In the records below, repeat exactly the lines between the line holding "Child little girl" and the line holding "a view of a backyard with large trees", inclusive, and drop the pictures.

**MATERIALS PROVIDED:**
------------------------------------------------------------

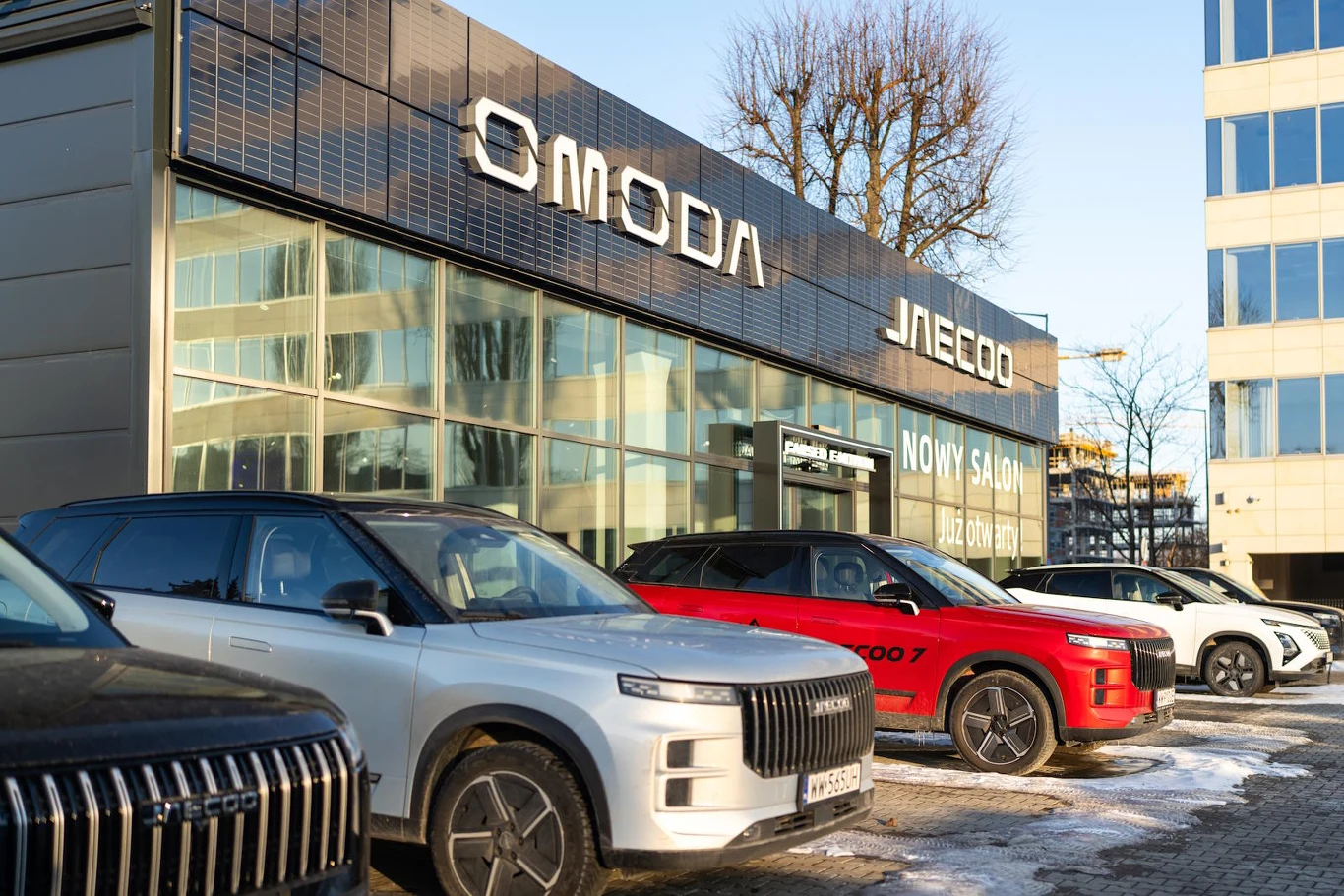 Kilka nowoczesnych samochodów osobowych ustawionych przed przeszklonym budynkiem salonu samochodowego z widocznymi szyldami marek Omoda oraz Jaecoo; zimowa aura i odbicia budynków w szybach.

------------------------------------------------------------

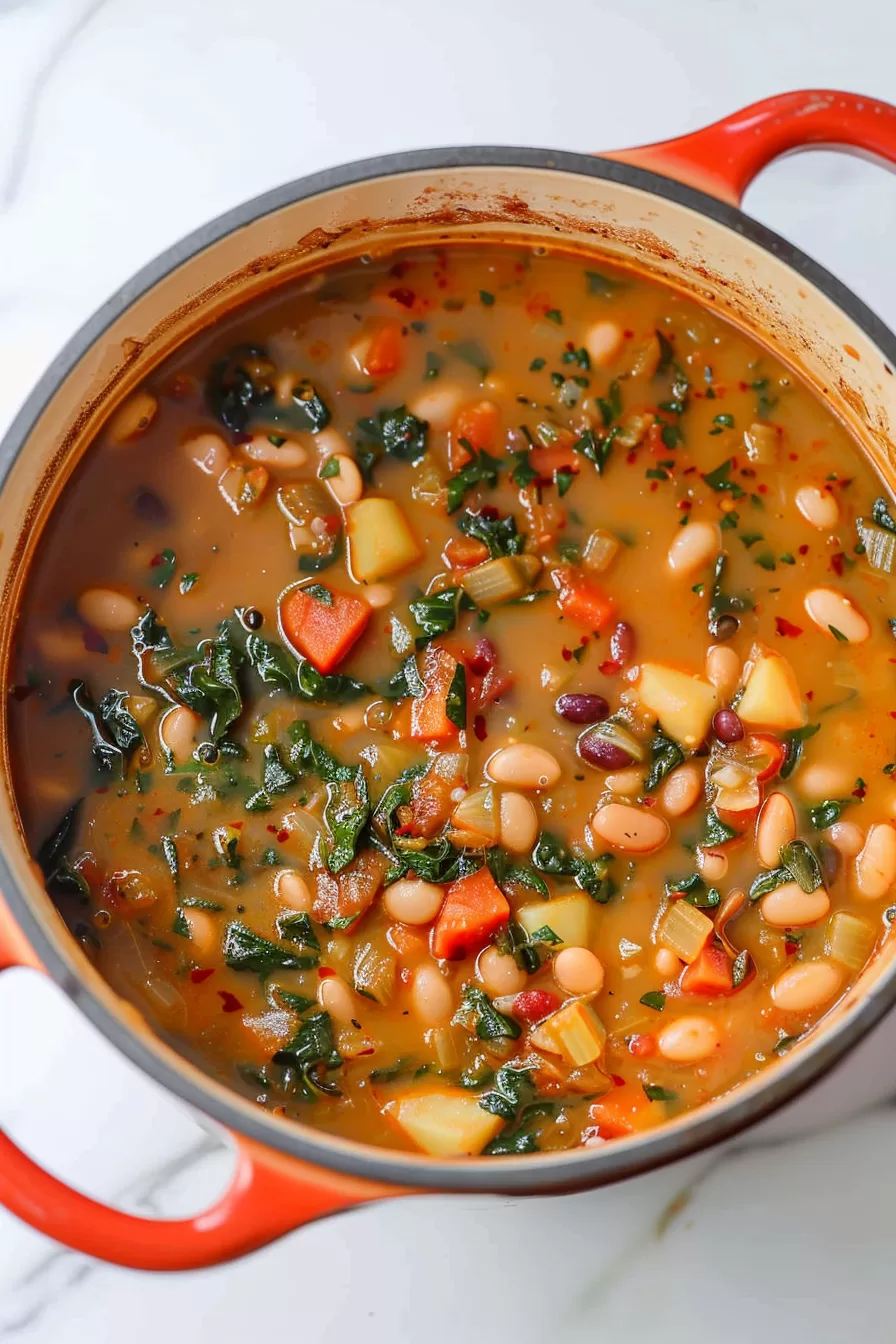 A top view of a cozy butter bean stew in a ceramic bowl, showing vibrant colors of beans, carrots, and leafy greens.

------------------------------------------------------------

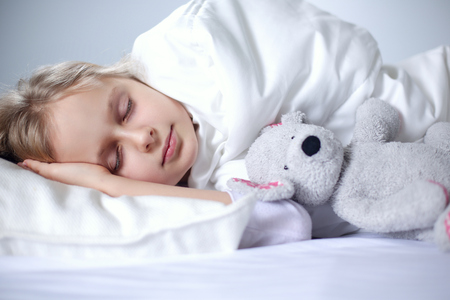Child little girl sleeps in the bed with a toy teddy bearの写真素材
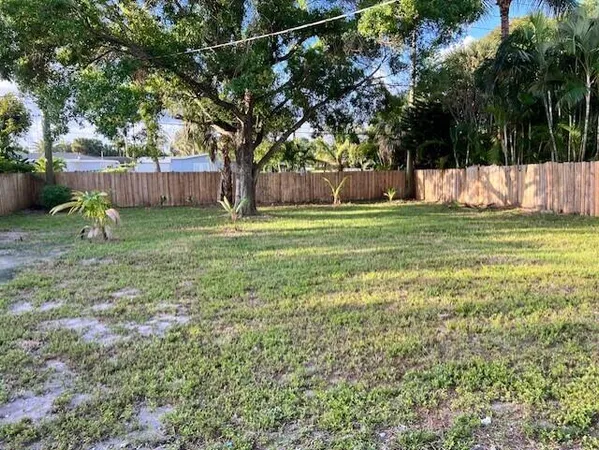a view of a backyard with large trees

------------------------------------------------------------

**ANSWER SPACE:**
Child little girl sleeps in the bed with a toy teddy bearの写真素材
a view of a backyard with large trees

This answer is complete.